New deliverable by NIESR published: Macroprudential tools, transmission and modelling (D4.7).

Abstract: The purpose of this paper is twofold. First, we review the theoretical and empirical literature on macroprudential policies and tools. Second, we test empirically the effectiveness of several macroprudential policies and tools using three datasets from the IMF and BIS that cover up to 19 OECD countries during 2000-2014, thus giving wide coverage of instruments. In addition, our focus on OECD countries gives us access to a wider range of control variables whose omission may lead to excessively favourable results on the impact of macroprudential policies. We find evidence that macroprudential polices are effective at curbing house price and credit growth, albeit some tools are more effective than others. These include, in particular, taxes on financial institutions and strict loan-to-value and debt-to-income ratio limits.

 

New deliverable by LUISS published: “One EMU Fiscal Policy for the EURO”

A new deliverable by LUISS has been published: One EMU Fiscal Policy for the EURO (D3.2).

Abstract: We build a Two-Country Open-Economy New-Keynesian DSGE model of a Currency Union to study the effects of fiscal policy coordination, by evaluating the stabilization properties of different fiscal policy scenarios. Our main findings are the following: a) a government spending rule that targets net exports rather than domestic output produces more stable dynamics, b) consolidating government budget constraints across countries and moving tax rates jointly provides greater stabilization than with separate budget constraints and independent tax rate movements, c) taxes on labour income are exponentially more distortionary than taxes on firm sales. These findings point out to possible policy prescriptions for the Eurozone: to coordinate fiscal policies by reducing international demand imbalances, either by stabilizing trade flows across countries or by creating some form of fiscal union or both, while avoiding the excessive use of labour taxes, in favour of sales taxes.

 

New deliverable on cross-country spillover effects and fiscal policy coordination published

New deliverable by IHS published: Cross-Country Long-Run Spillover Effects and Coordination of Fiscal Policy: a Quantitative Exploration for Europe (D1.6).

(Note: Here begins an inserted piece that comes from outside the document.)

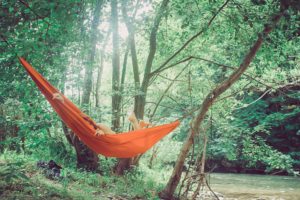 Une femme presque entièrement cachée dans un hamac orange, dans une forêt luxuriante - Image par StockSnap de https://pixabay.com/fr/photos/gens-femme-hamac-nature-fleuve-2587988/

Abstract: We develop a multi-country CGE-OLG model with detailed structures for the households and the governments. We then perform simulations to quantify spillovers from policy reforms and exogenous shocks typical of crisis and compare some forms of policy coordination, without being comprehensive. In the standard labor and consumption tax reforms that we consider, we find that spillovers are small and that simultaneous implementation of these fiscal reforms, one example of coordination, is not advantageous. Spillovers from exogenous shocks are significantly larger and area-wide shocks have a larger impact than a shock to a country alone. The type of fiscal policy response to a shock matters. An appropriate coordinated policy response can improve domestic economic circumstances and reduce negative spillovers to other countries. The gains are larger in case of an area-wide exogenous shock, but only to a small extent. The temporary violation of public debt rules can be beneficial for all countries.